- [The task] Take every line containing "Home" from the material and copy it.

- [Records provided]
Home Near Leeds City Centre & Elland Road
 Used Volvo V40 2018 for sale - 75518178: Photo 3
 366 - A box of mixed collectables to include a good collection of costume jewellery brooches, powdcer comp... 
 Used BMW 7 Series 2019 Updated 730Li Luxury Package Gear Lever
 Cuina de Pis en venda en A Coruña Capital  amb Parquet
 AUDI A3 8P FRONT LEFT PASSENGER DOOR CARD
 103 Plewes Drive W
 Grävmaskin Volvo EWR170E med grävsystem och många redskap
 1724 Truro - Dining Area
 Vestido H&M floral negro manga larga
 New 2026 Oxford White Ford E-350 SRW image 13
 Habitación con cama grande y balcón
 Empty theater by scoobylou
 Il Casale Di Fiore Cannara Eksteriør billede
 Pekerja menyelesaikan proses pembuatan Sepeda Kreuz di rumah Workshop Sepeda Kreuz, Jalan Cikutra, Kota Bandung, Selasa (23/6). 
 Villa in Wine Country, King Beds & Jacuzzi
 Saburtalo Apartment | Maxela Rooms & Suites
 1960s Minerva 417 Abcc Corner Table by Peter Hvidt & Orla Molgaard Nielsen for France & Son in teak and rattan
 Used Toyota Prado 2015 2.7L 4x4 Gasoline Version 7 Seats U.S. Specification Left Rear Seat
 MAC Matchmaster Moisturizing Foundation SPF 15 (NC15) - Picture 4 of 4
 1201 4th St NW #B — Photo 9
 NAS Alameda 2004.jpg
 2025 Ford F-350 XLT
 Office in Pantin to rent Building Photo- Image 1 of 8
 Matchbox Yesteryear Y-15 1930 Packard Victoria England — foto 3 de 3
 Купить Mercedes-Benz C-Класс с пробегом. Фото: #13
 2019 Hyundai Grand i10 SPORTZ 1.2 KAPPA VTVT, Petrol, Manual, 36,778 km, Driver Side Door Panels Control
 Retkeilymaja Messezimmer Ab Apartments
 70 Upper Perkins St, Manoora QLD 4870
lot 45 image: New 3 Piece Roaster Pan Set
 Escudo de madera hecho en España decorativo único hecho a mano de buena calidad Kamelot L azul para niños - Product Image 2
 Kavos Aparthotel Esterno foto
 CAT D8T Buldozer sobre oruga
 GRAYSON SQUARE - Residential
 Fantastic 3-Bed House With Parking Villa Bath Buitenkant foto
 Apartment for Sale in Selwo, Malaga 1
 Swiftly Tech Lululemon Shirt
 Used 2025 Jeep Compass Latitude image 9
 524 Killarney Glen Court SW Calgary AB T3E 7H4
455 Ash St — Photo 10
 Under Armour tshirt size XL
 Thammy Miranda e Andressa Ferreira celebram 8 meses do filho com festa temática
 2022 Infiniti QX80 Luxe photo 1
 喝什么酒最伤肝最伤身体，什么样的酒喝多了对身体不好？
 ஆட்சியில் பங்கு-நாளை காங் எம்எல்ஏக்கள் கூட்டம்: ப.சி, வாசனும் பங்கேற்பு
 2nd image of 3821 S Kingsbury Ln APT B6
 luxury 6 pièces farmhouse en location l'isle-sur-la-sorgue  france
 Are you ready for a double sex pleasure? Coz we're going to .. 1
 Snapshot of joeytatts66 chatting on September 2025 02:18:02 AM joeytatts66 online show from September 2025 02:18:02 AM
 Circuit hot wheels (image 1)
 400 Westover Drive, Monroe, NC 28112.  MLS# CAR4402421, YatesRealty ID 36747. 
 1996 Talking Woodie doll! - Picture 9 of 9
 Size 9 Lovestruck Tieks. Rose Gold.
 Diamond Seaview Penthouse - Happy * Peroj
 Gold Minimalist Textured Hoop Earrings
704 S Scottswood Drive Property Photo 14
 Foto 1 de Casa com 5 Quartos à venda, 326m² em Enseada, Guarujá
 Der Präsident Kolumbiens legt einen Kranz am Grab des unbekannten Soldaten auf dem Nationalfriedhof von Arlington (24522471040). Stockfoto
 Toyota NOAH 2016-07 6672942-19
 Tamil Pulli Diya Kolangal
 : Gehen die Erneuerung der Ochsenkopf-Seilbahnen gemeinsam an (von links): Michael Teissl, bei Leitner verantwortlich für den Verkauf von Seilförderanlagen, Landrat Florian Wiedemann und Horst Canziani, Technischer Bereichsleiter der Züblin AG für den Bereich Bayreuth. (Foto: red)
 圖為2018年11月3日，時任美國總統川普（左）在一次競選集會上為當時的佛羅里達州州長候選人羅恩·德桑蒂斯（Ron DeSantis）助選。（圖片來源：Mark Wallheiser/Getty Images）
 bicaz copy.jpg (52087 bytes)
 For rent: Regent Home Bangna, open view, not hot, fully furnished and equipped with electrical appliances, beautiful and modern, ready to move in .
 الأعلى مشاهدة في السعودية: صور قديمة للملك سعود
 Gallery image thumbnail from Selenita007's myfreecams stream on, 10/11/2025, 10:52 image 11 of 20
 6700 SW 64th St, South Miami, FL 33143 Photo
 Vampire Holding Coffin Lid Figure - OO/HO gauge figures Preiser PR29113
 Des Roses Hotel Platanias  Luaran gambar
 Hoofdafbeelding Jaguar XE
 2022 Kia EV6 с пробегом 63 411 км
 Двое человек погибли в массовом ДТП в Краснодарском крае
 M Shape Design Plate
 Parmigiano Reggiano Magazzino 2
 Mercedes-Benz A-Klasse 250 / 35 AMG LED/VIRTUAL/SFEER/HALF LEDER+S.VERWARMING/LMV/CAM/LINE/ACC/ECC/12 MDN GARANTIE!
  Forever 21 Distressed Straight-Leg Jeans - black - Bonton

- [Output of the task]
Home Near Leeds City Centre & Elland Road
 For rent: Regent Home Bangna, open view, not hot, fully furnished and equipped with electrical appliances, beautiful and modern, ready to move in .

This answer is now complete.